503.01000 – In General
In determining whether an employer’s action is adverse, the Board uses an objective test and will not rely upon the subjective reactions of the employee. (Chula Vista (2018) PERB Decision No. 2586, pp. 24-25.) “The test which must be satisfied is not whether the employee found the employer’s action to be adverse, but whether a reasonable person under the same circumstances would consider the action to have an adverse impact of the employee’s employment.” (Id. at p. 25, quoting Newark Unified School District (1991) PERB Decision No. 864, pp. 11-12.) The reasonable person test guides us equally when the employer’s alleged adverse action is a warning of a possible future action. (Chula Vista, supra, at p. 25.) (pp. 17-18.)
503.03000 – Warning Letters, Reprimands, Evaluations
When an employer places a document in an employee’s personnel file that impugns the employee’s reputation or otherwise potentially impedes the employee’s professional advancement, such action can constitute adverse action even absent any threat of discipline. (County of Riverside (2009) PERB Decision No. 2090-M, pp. 28, 30 [action need not specifically threaten discipline if it otherwise has an adverse impact on the employee’s employment]; State of California (Department of Youth Authority) (2000) PERB Decision No. 1403-S, pp. 32-33 [adverse action found where employer demeaned employee by issuing a substandard rating for “relationships with people,” and by imposing a documented requirement that a fellow employee had to review budget requests].) (p. 18, fn. 10.)
504.05000 – Union Activity of Discriminatee
Board considers nature of the employee’s outburst when evaluating whether an alleged threat of physical harm communicated in an e-mail, rather than in a face-to-face meeting with the employer, loses statutory protection. (p. 12.)

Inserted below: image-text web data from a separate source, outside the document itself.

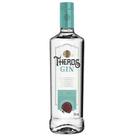 Bebida Gin Dry Salton Theros Garrafa Vidro 1 Litro Bebida Gin Dry Salton Theros Garrafa Vidro 1 Litro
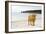 Highland Cow on a Beach-Duncan Shaw-Framed Photographic Print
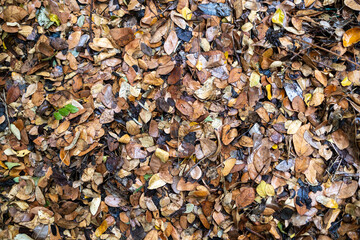 The fallen leaves are piled up and decomposed in the forest.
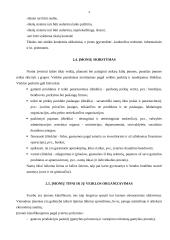 Verslo įmonė 4 puslapis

504.05000 – Union Activity of Discriminatee
Where employee’s protected email was impetus for employer’s adverse action, employer did not meet its burden to prove that it would have taken same action in the absence of employee’s protected activity. (p. 20.)
505.01000 – In General
Board considers nature of the employee’s outburst when evaluating whether an alleged threat of physical harm communicated in an e-mail, rather than in a face-to-face meeting with the employer, loses statutory protection. (p. 12.)